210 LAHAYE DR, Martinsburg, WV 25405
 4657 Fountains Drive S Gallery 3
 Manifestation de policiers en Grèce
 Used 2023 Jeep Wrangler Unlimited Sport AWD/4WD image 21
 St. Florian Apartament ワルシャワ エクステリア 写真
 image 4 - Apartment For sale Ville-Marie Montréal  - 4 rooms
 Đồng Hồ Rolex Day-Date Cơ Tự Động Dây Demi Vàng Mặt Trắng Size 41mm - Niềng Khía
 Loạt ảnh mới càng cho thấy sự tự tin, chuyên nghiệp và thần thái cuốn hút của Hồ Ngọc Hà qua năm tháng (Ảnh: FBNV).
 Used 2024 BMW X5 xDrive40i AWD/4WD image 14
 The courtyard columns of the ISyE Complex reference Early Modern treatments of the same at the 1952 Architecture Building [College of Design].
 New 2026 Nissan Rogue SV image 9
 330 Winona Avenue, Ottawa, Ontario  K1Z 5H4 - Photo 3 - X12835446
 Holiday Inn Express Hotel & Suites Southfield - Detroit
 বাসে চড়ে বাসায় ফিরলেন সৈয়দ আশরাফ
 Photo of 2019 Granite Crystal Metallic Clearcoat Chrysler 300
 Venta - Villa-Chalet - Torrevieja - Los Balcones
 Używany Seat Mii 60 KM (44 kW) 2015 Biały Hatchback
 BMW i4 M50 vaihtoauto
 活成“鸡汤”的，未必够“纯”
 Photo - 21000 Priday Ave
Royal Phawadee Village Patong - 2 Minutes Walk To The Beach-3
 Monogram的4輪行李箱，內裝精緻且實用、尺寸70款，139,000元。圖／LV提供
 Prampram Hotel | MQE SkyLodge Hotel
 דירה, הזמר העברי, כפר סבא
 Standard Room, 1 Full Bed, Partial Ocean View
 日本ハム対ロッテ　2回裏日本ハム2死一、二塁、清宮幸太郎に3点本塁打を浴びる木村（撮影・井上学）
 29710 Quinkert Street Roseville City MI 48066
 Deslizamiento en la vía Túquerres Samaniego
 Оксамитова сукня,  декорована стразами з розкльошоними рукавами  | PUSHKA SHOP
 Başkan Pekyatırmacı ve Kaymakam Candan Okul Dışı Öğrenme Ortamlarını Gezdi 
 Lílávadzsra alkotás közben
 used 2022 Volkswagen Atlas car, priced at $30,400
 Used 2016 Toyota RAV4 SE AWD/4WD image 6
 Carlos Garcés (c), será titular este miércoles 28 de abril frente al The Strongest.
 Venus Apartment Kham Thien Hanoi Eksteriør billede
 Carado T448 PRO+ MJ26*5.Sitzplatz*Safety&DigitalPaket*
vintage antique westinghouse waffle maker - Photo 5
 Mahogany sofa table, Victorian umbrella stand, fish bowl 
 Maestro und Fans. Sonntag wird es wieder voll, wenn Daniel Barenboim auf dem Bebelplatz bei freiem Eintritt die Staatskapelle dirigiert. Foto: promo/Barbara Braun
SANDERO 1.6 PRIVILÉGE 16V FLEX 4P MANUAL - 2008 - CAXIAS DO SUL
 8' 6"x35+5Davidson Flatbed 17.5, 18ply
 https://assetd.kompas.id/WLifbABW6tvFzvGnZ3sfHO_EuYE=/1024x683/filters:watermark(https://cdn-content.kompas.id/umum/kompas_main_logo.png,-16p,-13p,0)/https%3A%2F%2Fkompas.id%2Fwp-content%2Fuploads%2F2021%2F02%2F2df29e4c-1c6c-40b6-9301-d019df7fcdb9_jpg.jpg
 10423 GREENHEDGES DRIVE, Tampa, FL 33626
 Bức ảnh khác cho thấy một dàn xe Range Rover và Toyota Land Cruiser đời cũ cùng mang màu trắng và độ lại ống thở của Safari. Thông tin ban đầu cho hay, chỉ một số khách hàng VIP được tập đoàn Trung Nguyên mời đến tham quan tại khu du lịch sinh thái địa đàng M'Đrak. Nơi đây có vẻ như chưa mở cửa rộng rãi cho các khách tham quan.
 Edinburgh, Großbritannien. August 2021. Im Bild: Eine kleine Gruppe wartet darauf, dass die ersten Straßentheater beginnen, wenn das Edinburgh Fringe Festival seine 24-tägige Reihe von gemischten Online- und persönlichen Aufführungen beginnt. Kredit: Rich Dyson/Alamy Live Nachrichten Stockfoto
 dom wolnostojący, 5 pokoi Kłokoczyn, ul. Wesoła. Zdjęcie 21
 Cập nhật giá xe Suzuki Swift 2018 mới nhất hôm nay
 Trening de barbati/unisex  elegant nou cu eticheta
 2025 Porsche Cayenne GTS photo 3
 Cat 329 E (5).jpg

[Problem description]:
Return a word-for-word copy of the lines above from the one holding "Prampram Hotel | MQE SkyLodge Hotel" through the one holding "Deslizamiento en la vía Túquerres Samaniego", with both of them included and nothing besides.

[Result for this task]:
 Prampram Hotel | MQE SkyLodge Hotel
 דירה, הזמר העברי, כפר סבא
 Standard Room, 1 Full Bed, Partial Ocean View
 日本ハム対ロッテ　2回裏日本ハム2死一、二塁、清宮幸太郎に3点本塁打を浴びる木村（撮影・井上学）
 29710 Quinkert Street Roseville City MI 48066
 Deslizamiento en la vía Túquerres Samaniego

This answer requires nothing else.